One definition that many anthropologists (and even more anthropology texts) still use as a starting point is E. B. Tylor’s from 1871. He defined culture as “that complex whole which includes knowledge, belief, art, morals, law, custom, and any other capabilities and habits acquired by man as a member of society.”1 This provides a helpful, albeit vague, scope. Taken in tandem with Clifford Geertz’s later definition, a picture begins to emerge:
Culture is best seen not as complexes of concrete behavior patterns—customs, usages, traditions, habit clusters—as has, by and large, been the case up to now, but as a set of control mechanisms—plans, recipes, rules, instructions (what computer engineers call “programs”) for the governing of behavior.2
In the same work, Geertz develops the definition and includes his famous observation that “man is an animal suspended in webs of significance which he himself has created. I take culture to be those webs.”3
Having worked with such notions, anthropologists understood that “culture” and “cultures” are not things in the sense that they are discretely defined, bordered, and unchanging. We can’t point to an artifact and say, “There is culture.” The artifact is, rather, a part of culture, meaningful only within the context of the whole. As much as the analytical concepts of “culture” and “cultures” are helpful, they are still abstractions—ideas in our heads. More recent definitions allow for messiness: “Cultures are, after all, collective, untidy assemblages, authenticated by belief and agreement, focused only in crisis, systematized after the fact.”4 Culture “then is not something given but something to be gradually and gropingly discovered.”5
For anthropologists, culture flows out of the “needs of common humanity.”6 It is an adaptive response to the task of living.

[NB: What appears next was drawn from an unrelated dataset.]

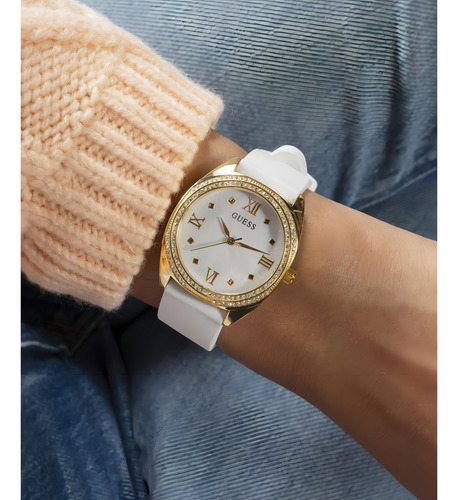 Reloj Guess Para Dama Relojes Mujer Correa Azul Claro Bisel Dorado Fondo Blanco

Culture is then a complex, dynamic system of patterns of action and interactions that a loosely bounded group of people share in a particular environment. Culture is a system of symbols, and their meanings are shared by a group of people that allows them to interpret experience. Neither the system nor the meanings are fixed, yet they are patterned. The boundaries are not clear, yet they are binding. The components of the system and the people who embody them interact and compete with one another within that system. Meanings and patterns are negotiated, contested, and constantly yet subtly in flux. Culture is both the product and, in many ways, the producer of people.
The term “culture” as used in the vernacular is not very helpful analytically. For the nonspecialist, culture serves as an explanation (in effect, “That’s just their culture”). But for the anthropologist, culture is the thing that needs to be explained. Throughout history, there has been a complex relationship between believers and their societies. Even in the West, the relationship between the Christian and culture is full of ambivalence. Reinhold Niebuhr’s classic Christ and Culture (Harper & Row, 1956) explores the varying relationships.

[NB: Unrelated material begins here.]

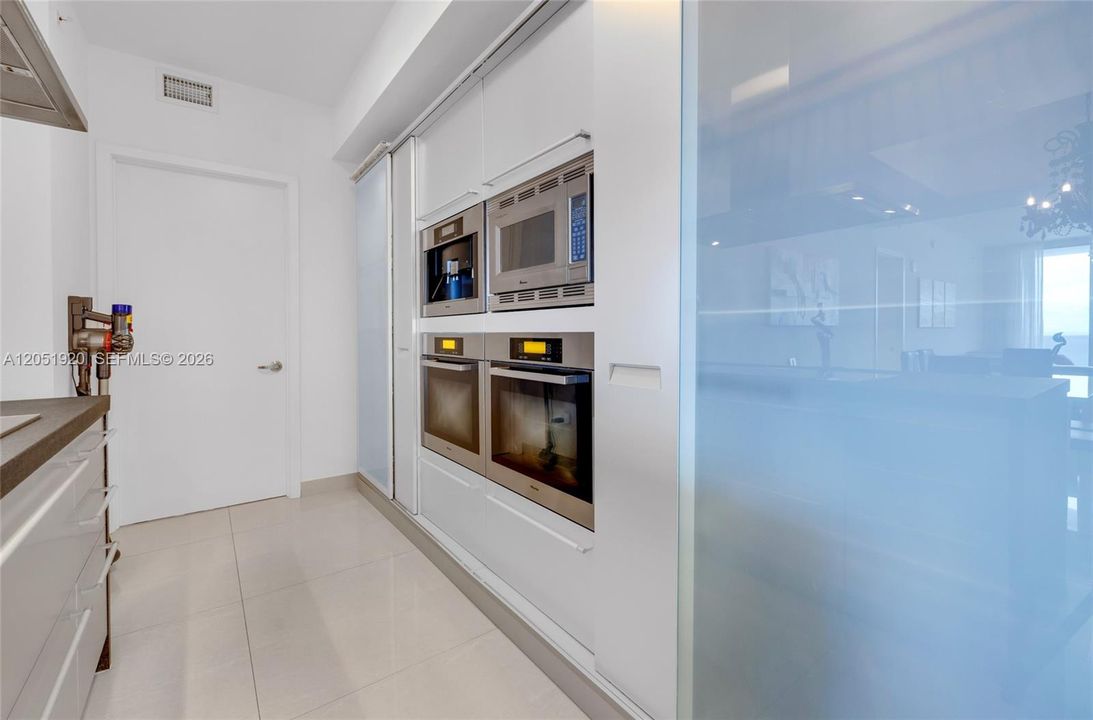 For Rent: $6,500 (2 beds, 2 baths, 1499 Square Feet)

Cultures may be thought of as “Christian” in some sense (in that they are neither Muslim nor Buddhist, for example), but this is misleading. People, not cultures, are Christian—individual believers in relationship with the living God in Christ Jesus. America may be described as “Christian” (though this is less and less accurate), yet much of our American culture runs counter to biblical ideals. It is arguable just how beneficial it is for the individual in a faith-relationship with the Creator to be living in a tenuously tepid Christian milieu such as ours.

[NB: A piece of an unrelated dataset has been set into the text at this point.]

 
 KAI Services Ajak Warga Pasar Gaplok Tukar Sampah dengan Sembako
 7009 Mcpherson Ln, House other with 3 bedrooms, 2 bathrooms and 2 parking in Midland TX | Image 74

Our churches are products of place and time. Today, with their impressive buildings, elaborate programs, and swelling budgets, our churches look very unlike the Christian church of the first centuries. Our church institutions are “cultural,” situated in a context. Neither the context nor the church has looked this way before, and we may quickly find ourselves in a much different context. We should also expect our church institutions to look much different in the future. But these institutions are not our faith. We serve the One who transcends our space and time (our culture). Perhaps the church on earth will no longer be a potent force within our cultural context. That is not inherently a spiritual tragedy—we have no guarantees that our church institutions will continue on. The church, to be sure, will continue with or without the sanction of culture. The church is not an institution. It is a community of believers, called and gathered by the Spirit of God.
Culture is made up of people. We create it, maintain it, justify it, and modify it. Each time you follow the expectations of your culture, you are maintaining it. Each time you challenge it, stray to the fringes, or go against the expected mores, you are modifying it. We remain in a kind of dialogue with our cultures (a dialectal relationship) in which we are both producer and product of culture. At times, we feel it is a one-sided conversation, but the social processes are such that voices, even minority voices, impact the trajectory.
Our culture seems to be getting more hostile (less sympathetic, or less defaulted) toward Christianity. As the church becomes “less useful” to our culture, we should expect it to become more marginalized. But do we want it to be useful to the culture? Do we want it to be used? There has never been a comfortable relationship between Christianity and culture. It seems the church has as much to lose as to gain by any of these cultural endorsements. Power structures within specific cultures have readily and often coopted religion for their own nefarious purposes. The Christian church on earth, at different times, has been oblivious to this, has cooperated with it, and has even instigated it.
We don’t, however, need our culture’s blessing to be Christian. In the United States, we should not expect our neighbors to be like us nor to worship like us. Our nation is built upon the fundamental disconnect between our constitutionally protected religious pluralism and the exclusionary claims of Christianity. We should always view our greater culture with skepticism. As Christians discuss culture changes—for example, the legalization of homosexual marriage and the push for LGBTQ affirmation—we need to remember that just a generation ago the sin of divorce and remarriage was a cultural taboo. It has now moved to the acceptable. Society’s tolerance for sin should not be near as much concern for Christians as their own tolerance for the sin their culture has sanctioned. Regardless of the cultural context, we must continue to do the work God has given us to do. For some of us, that means organizing to influence culture by pressing for public policies, voting against propositions, and protesting bad politics. For others of us, it means remembering that our interaction with the antagonistic, non-Christian fellow citizen is with “our neighbor” whom we are called to serve.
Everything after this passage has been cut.